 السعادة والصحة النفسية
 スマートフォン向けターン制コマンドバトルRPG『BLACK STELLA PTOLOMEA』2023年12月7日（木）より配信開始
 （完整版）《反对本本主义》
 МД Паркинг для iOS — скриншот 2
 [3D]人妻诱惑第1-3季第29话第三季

ABOUT THIS TASK: Set the data above down again in full, exactly as it reads.

RESPONSE TO THIS TASK:
 السعادة والصحة النفسية
 スマートフォン向けターン制コマンドバトルRPG『BLACK STELLA PTOLOMEA』2023年12月7日（木）より配信開始
 （完整版）《反对本本主义》
 МД Паркинг для iOS — скриншот 2
 [3D]人妻诱惑第1-3季第29话第三季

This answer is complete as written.